● Input data
=-=-=

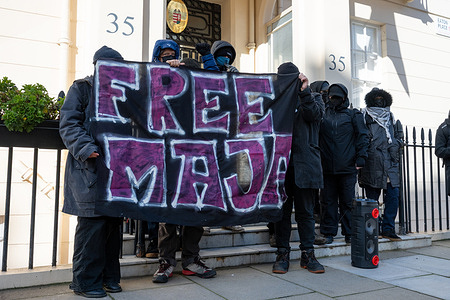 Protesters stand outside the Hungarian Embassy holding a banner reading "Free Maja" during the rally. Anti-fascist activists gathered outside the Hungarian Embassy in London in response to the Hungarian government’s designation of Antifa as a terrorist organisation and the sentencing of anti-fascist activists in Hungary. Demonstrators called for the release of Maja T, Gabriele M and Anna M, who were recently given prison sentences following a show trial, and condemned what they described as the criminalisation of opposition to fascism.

=-=-=

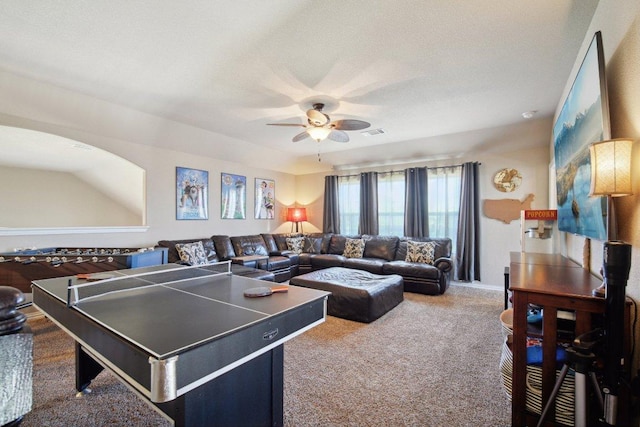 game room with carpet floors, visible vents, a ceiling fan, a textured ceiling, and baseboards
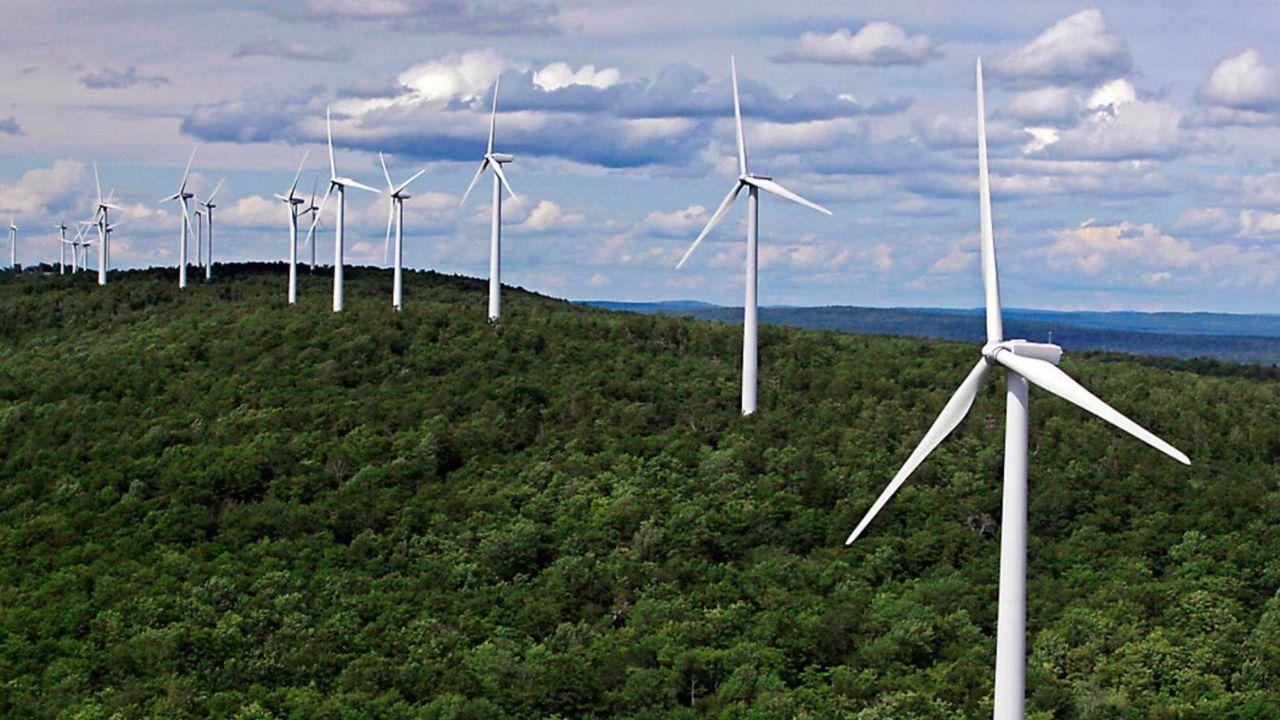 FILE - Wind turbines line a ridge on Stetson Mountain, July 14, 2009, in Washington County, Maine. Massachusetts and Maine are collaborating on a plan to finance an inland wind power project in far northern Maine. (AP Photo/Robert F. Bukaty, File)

=-=-=

Output exactly those lines of the data above that run from the line with "game room with" up to and including the line with "FILE - Wind". No pictures go in.

● Written response
 game room with carpet floors, visible vents, a ceiling fan, a textured ceiling, and baseboards
 FILE - Wind turbines line a ridge on Stetson Mountain, July 14, 2009, in Washington County, Maine. Massachusetts and Maine are collaborating on a plan to finance an inland wind power project in far northern Maine. (AP Photo/Robert F. Bukaty, File)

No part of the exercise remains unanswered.